Kürtajı yasaklama girişimlerinde ve en son Özgecan cinayetininin ardından kitlesel eylemler oldu. Özellikle kadınların cinsiyetçiliğe karşı çok öfkeli ve politik olduğunu gördük. Ancak bu öfke cinsiyetçiliğe karşı sürekliliği olan bir harekette birleşmiyor, varolan kampanyalara bu kitlesellik yansımıyor. Neden böyle?
Yıldız Önen: Maalesef bu günlerde sadece kadına şiddete karşı değil pek çok konuda demokrasi mücadelesi vermek çok zor. Savaş ortamında her türlü muhalif hareket baskı altında zayıflatılıyor.
Kadına şiddete karşı mücadelemizde karşımızda birkaç sorun var. Birincisi sokakta bir araya gelen çoğulcu kalabalığı örgütleyebilecek bir kampanya yok. Sokakta tek ses çıkarabiliyorken örgütlenmede yüzden fazla kampanya, örgüt, dernek var.

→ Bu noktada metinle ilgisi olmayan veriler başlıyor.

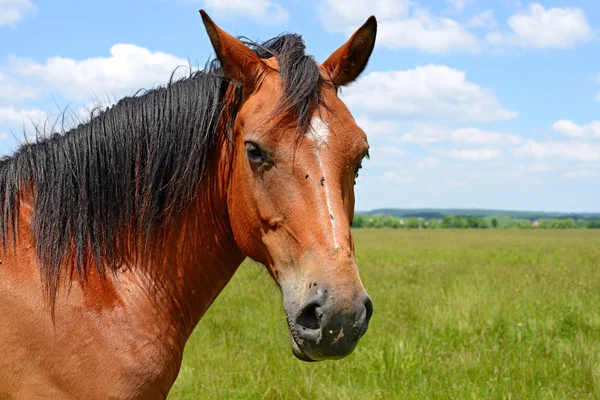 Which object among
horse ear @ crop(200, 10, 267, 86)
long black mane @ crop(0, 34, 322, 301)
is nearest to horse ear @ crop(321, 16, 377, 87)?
long black mane @ crop(0, 34, 322, 301)

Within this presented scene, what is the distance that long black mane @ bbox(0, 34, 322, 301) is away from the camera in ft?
9.17

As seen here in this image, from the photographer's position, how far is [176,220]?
2.94 m

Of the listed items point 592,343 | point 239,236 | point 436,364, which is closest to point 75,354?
point 239,236

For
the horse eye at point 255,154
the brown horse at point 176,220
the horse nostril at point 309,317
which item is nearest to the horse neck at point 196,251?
the brown horse at point 176,220

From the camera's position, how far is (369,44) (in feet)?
9.88

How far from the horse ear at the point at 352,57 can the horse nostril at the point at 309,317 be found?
132 cm

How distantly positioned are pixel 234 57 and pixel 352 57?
0.70 meters

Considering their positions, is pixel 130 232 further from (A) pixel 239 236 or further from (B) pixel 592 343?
(B) pixel 592 343

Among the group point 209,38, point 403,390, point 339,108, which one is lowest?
point 403,390

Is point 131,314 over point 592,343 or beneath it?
over

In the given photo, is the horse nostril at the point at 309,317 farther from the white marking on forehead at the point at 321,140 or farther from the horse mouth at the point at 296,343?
the white marking on forehead at the point at 321,140

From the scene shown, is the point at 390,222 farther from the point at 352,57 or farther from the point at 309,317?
the point at 309,317

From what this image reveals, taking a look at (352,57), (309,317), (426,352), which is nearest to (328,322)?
(309,317)

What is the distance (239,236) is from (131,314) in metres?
0.66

Sokaktaki çeşitliliği örgütlenmede sağlayamadan büyük kampanyalar oluşturmak zor.
Şiddeti ve ölümleri durdurmak için nasıl bir politika izlenmeli?
Yıldız Önen: Öncelikle yasal düzenlemelerin uygulanmasını sağlamak gerekir. Ama daha önemlisi cinsiyetçiliğe karşı mücadeleyi büyütmek gerekiyor. Kadının toplumsal rolü değişmeden şiddeti toptan yok etmek mümkün değil. Bunun için her türlü şiddete karşı mücadele, cinsiyetçiliğe karşı mücadeleyi kapsamalı. Kadına ‘eşit işe eşit ücret’ talebi gibi talepler de kampanyanın sloganları olmalı.